Mean price per units sold per day

This is a bit more complicated than thought because some items are sold multiple times per time and unit prices of the same item change between transactions and days. Therefore, I am creating a temporary dataframe where I combine day & StockCode. This, I can then combine with a table of the number of transactions per day and item to find the price per item and day. Based on this, I calculate the mean unit price per item and the mean unit price of all items per day.

temp <- distinct(select(retail, day, StockCode, UnitPrice)) %>%
  mutate(temp = paste(day, StockCode, sep = "_")) %>%
  select(temp, UnitPrice)

mean_unit_price <- retail %>%
  filter(income_return == "income") %>%
  group_by(day, StockCode) %>%
  summarise(n = n()) %>%
  mutate(temp = paste(day, StockCode, sep = "_")) %>%
  left_join(temp, by = "temp") %>%
  group_by(day, StockCode) %>%
  summarise(mean = mean(UnitPrice)) %>%
  group_by(day) %>%
  summarise(mean_unit_price = mean(mean))
mean_unit_price %>%
  ggplot(aes(x = day, y = mean_unit_price)) +
    geom_line(color = palette_light()[[1]], size = 1, alpha = 0.8) +
    theme_tq() +
    labs(x = "", 
         y = "mean unit price of sold items")


Purchases of most sold items

The 10 items that have been sold on the most days throughout the year of recording are also introduced as separate features.

most_sold_day <- retail %>%
  filter(StockCode %in% most_sold$StockCode[1:10]) %>%
  group_by(day, StockCode) %>%
  summarise(sum = sum(Quantity)) %>%
  spread(key = StockCode, value = sum)
retail %>%
  filter(StockCode %in% most_sold$StockCode[1:10]) %>%
  group_by(day, StockCode, Description) %>%
  summarise(sum = sum(Quantity)) %>%
  ggplot(aes(x = day, y = sum)) +
    facet_wrap(~ StockCode, ncol = 1, scales = "free") +
    geom_line(color = palette_light()[[1]], size = 1, alpha = 0.8) +
    theme_tq() +
    labs(x = "", 
         y = "net sum of quantites sold")


Combining data

Now, we can combine all the different per-day features into one dataframe. Now, I am also calculating the difference of the net sum of income to the previous day by using the lag() function.
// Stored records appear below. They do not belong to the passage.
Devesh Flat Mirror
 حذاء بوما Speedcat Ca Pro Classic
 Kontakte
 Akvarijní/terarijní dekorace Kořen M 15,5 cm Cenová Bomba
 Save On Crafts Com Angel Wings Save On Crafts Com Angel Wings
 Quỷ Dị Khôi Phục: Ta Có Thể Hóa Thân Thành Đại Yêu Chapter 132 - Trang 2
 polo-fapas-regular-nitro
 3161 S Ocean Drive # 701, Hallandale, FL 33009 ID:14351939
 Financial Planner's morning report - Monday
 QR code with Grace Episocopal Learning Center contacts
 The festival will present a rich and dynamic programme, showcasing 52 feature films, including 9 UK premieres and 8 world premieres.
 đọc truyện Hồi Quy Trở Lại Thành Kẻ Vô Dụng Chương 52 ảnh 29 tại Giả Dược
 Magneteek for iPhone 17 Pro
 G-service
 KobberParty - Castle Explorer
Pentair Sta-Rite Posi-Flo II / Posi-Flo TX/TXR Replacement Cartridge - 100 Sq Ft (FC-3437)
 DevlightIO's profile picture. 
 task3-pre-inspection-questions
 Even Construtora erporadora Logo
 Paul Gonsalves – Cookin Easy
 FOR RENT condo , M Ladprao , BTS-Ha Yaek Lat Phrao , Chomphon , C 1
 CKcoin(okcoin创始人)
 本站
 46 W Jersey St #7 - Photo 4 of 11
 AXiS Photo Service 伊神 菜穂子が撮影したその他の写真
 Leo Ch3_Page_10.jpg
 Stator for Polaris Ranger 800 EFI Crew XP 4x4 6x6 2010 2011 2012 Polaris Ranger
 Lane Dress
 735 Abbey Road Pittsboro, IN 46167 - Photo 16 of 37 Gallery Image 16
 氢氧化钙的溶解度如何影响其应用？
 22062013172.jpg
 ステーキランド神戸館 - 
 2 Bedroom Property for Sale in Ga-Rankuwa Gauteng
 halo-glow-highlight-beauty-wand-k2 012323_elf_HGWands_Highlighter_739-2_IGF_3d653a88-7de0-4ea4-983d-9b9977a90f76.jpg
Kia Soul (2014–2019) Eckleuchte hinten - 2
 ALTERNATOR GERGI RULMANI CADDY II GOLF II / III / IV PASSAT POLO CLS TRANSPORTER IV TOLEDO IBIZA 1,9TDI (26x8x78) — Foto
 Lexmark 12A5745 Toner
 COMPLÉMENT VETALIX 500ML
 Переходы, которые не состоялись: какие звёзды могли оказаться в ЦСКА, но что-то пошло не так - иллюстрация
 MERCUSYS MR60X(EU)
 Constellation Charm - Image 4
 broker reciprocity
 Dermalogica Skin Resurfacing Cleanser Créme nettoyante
And I am creating a column for seasons.

Additional time-based information will be added in a later part when we actually do forecasting with the timekit package.

retail_p_day <- distinct(select(retail, day, day_of_week, month)) %>%
  left_join(income, by = "day") %>%
  left_join(mean_unit_price, by = "day") %>%
  left_join(purchases, by = "day") %>%
  left_join(returns, by = "day") %>%
  left_join(customer_purch, by = "day") %>%
  left_join(rep_customer_day, by = "day") %>%
  left_join(income_return, by = "day") %>%
  left_join(country_purch, by = "day") %>%
  left_join(n_items, by = "day") %>%
  left_join(most_sold_day, by = "day") %>%
  mutate(diff_sum_income = sum_income - lag(sum_income),
         season = ifelse(month %in% c("03", "04", "05"), "spring",
                         ifelse(month %in% c("06", "07", "08"), "summer",
                                ifelse(month %in% c("09", "10", "11"), "fall", "winter"))))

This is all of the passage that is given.